Short web captions
*** Block opens ***
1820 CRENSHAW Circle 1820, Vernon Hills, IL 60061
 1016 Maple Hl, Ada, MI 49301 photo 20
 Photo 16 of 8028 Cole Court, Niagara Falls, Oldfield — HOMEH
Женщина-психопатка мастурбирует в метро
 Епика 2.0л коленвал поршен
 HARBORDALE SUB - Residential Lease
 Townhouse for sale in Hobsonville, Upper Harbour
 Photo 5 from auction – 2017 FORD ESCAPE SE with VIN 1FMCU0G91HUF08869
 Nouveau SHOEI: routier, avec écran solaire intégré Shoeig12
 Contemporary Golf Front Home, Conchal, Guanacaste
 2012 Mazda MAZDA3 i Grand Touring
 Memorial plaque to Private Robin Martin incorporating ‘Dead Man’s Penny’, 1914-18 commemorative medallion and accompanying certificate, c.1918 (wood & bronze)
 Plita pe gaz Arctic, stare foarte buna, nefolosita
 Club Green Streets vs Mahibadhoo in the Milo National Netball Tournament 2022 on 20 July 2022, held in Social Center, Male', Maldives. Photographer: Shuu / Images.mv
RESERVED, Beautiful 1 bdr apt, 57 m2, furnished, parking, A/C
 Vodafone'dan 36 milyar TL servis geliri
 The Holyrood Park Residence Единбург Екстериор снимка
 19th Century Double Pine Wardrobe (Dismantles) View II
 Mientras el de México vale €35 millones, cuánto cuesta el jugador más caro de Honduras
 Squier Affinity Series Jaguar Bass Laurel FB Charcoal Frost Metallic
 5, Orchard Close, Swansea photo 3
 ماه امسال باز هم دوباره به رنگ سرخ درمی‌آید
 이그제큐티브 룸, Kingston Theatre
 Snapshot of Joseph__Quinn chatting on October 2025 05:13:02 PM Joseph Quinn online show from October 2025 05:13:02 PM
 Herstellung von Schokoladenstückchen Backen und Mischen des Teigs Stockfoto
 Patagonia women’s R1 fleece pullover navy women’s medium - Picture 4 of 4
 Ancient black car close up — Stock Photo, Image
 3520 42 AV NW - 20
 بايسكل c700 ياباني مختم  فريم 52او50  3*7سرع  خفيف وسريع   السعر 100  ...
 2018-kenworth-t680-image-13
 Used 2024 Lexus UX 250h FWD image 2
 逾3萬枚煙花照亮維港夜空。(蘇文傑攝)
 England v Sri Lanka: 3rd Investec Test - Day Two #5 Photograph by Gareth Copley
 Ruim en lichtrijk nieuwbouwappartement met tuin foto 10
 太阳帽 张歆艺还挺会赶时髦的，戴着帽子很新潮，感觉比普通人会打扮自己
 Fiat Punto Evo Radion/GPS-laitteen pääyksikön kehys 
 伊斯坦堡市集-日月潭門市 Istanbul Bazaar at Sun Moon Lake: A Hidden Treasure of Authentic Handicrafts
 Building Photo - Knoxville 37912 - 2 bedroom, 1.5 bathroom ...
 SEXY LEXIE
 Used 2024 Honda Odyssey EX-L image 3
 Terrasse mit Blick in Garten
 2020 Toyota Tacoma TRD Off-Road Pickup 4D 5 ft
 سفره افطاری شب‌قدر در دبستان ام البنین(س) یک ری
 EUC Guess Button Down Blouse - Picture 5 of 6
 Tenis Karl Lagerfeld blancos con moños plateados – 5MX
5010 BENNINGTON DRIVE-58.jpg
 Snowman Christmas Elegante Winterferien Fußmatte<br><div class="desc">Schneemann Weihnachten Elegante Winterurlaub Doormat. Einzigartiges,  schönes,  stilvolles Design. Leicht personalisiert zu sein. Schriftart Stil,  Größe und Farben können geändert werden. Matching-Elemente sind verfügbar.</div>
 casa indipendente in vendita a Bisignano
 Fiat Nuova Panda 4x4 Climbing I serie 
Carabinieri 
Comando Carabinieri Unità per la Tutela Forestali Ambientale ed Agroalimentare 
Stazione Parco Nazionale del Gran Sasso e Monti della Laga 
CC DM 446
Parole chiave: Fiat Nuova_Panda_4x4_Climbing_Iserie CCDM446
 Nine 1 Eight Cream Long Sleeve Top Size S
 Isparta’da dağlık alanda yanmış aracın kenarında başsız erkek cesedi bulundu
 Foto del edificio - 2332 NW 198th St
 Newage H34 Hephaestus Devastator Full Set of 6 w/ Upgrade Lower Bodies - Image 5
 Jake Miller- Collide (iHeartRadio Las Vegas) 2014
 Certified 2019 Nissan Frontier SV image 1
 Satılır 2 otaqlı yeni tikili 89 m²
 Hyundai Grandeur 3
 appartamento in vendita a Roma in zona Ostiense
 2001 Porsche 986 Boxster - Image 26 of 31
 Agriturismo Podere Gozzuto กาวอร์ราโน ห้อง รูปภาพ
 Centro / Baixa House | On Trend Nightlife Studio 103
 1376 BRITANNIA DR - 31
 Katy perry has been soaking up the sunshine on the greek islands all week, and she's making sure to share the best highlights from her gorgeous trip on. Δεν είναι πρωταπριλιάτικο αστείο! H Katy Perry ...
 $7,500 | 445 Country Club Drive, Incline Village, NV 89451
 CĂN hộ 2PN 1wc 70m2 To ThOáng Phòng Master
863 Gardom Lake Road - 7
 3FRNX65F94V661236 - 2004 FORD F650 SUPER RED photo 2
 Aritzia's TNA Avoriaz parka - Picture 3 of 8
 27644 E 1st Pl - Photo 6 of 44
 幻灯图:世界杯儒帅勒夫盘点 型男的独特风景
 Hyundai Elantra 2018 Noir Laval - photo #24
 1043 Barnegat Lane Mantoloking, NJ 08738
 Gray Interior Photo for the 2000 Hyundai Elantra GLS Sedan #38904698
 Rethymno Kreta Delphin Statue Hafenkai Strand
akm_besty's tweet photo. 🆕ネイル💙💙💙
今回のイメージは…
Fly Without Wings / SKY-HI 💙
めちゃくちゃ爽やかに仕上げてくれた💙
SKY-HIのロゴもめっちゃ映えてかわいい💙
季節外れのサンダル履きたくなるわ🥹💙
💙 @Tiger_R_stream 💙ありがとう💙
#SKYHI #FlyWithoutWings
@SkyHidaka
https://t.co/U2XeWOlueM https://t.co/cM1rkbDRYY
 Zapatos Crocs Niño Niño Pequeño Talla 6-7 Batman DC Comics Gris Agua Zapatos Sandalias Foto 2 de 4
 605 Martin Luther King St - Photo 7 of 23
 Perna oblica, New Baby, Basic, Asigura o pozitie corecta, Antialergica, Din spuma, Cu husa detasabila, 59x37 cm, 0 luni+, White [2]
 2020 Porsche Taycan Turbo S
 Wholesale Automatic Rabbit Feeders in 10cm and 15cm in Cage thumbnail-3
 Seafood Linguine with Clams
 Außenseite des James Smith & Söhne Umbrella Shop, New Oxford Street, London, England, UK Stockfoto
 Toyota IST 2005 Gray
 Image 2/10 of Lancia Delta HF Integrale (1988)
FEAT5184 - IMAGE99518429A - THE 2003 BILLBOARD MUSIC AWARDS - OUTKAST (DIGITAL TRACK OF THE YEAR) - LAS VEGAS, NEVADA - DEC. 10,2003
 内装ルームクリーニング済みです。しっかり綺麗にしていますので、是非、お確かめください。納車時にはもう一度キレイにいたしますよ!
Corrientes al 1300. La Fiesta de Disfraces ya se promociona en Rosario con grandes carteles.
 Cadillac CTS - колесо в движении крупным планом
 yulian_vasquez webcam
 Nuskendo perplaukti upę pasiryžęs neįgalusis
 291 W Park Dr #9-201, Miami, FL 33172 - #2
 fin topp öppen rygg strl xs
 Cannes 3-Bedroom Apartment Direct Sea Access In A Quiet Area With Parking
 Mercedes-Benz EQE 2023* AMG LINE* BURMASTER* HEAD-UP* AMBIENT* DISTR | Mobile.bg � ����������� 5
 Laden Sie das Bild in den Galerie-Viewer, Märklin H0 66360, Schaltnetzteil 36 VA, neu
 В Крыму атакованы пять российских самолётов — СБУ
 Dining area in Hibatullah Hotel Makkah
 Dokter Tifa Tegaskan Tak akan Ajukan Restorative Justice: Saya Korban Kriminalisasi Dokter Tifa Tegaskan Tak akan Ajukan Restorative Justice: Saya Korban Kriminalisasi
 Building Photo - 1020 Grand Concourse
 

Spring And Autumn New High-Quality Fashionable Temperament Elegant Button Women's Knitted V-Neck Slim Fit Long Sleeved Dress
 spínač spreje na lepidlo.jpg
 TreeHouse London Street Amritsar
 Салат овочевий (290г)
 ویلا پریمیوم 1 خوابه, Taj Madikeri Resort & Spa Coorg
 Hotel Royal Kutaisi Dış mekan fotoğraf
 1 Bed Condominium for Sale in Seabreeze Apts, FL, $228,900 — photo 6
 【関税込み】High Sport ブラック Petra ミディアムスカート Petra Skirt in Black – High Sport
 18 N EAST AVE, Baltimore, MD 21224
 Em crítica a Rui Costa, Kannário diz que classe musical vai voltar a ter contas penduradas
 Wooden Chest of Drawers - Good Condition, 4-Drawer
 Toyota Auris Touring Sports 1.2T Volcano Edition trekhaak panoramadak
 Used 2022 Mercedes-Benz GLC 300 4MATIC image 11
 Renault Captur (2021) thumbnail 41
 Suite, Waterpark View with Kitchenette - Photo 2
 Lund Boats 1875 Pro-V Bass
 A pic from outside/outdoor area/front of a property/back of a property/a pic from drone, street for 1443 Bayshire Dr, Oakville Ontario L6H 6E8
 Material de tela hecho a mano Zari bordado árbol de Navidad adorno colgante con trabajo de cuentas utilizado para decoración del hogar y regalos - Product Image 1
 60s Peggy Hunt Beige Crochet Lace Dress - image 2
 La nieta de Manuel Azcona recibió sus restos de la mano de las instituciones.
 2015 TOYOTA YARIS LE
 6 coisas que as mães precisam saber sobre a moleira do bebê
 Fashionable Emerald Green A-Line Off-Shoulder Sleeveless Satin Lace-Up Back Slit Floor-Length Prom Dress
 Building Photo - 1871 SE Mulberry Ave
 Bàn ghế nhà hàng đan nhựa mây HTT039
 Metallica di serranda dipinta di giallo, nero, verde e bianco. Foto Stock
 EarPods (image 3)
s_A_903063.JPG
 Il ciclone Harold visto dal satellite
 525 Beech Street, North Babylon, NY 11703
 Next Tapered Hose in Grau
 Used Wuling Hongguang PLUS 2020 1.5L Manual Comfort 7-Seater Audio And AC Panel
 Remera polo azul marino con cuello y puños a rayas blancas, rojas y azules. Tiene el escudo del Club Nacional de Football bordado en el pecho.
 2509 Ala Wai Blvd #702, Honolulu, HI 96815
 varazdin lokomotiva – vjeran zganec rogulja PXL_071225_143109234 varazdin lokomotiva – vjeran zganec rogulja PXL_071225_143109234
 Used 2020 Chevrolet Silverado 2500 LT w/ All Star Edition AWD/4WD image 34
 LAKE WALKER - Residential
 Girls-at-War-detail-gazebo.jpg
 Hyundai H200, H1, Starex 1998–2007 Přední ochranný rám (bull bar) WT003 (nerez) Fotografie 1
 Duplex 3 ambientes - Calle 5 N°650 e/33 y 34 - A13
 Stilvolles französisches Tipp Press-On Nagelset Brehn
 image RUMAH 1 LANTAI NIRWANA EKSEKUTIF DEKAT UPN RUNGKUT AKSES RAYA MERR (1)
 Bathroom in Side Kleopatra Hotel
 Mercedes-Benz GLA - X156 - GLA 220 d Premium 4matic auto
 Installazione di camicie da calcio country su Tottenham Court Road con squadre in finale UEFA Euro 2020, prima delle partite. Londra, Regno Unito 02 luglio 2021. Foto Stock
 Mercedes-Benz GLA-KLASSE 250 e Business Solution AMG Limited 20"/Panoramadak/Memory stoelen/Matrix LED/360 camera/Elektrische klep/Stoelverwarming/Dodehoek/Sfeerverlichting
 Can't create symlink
*** Block closes ***
## EXERCISE GOAL:
Each line of the records above, from the first through the one containing "RESERVED, Beautiful 1", is to be retyped exactly; no other line belongs.

## SOLUTION BELOW:
1820 CRENSHAW Circle 1820, Vernon Hills, IL 60061
 1016 Maple Hl, Ada, MI 49301 photo 20
 Photo 16 of 8028 Cole Court, Niagara Falls, Oldfield — HOMEH
Женщина-психопатка мастурбирует в метро
 Епика 2.0л коленвал поршен
 HARBORDALE SUB - Residential Lease
 Townhouse for sale in Hobsonville, Upper Harbour
 Photo 5 from auction – 2017 FORD ESCAPE SE with VIN 1FMCU0G91HUF08869
 Nouveau SHOEI: routier, avec écran solaire intégré Shoeig12
 Contemporary Golf Front Home, Conchal, Guanacaste
 2012 Mazda MAZDA3 i Grand Touring
 Memorial plaque to Private Robin Martin incorporating ‘Dead Man’s Penny’, 1914-18 commemorative medallion and accompanying certificate, c.1918 (wood & bronze)
 Plita pe gaz Arctic, stare foarte buna, nefolosita
 Club Green Streets vs Mahibadhoo in the Milo National Netball Tournament 2022 on 20 July 2022, held in Social Center, Male', Maldives. Photographer: Shuu / Images.mv
RESERVED, Beautiful 1 bdr apt, 57 m2, furnished, parking, A/C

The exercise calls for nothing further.